* Requirement
Copy everything in the data below exactly except the pictures.

* Collected material
□ □ □ □

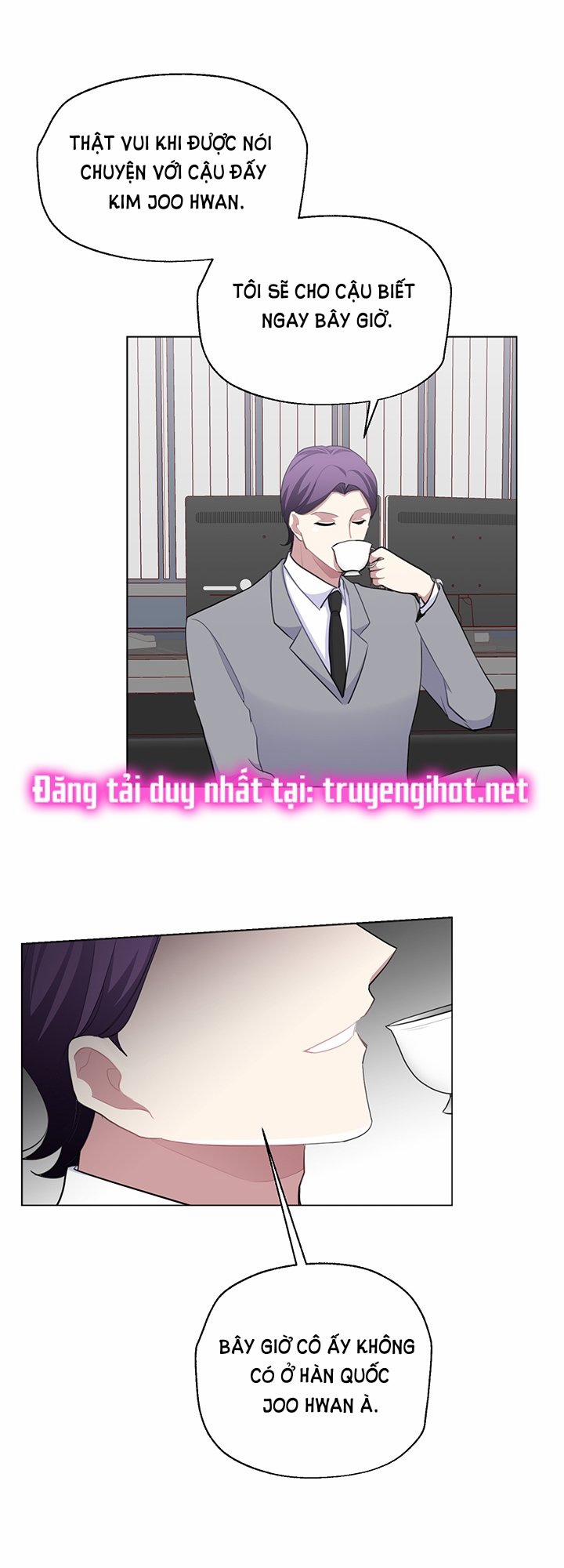 [18+] Như Em Muốn 15.2 trang 5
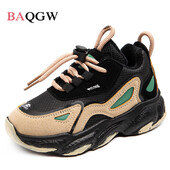 Bērnu sporta kedas vasara/ziema meitenēm zēniem mode ikdienas skriešanas trenažieri kupli sporta kurpes bērniem apavi silta kažokāda bieza zole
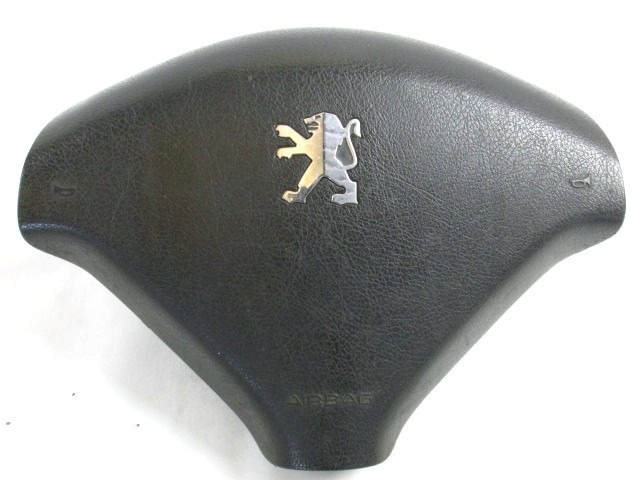 AIRBAG VOLAN OEM N. 96345028ZR ORIGINAL REZERVNI DEL PEUGEOT 307 3A/B/C/E/H BER/SW/CABRIO (2001 - 2009) DIESEL LETNIK 2004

□ □ □ □

* Exercise response
 [18+] Như Em Muốn 15.2 trang 5
 Bērnu sporta kedas vasara/ziema meitenēm zēniem mode ikdienas skriešanas trenažieri kupli sporta kurpes bērniem apavi silta kažokāda bieza zole
 AIRBAG VOLAN OEM N. 96345028ZR ORIGINAL REZERVNI DEL PEUGEOT 307 3A/B/C/E/H BER/SW/CABRIO (2001 - 2009) DIESEL LETNIK 2004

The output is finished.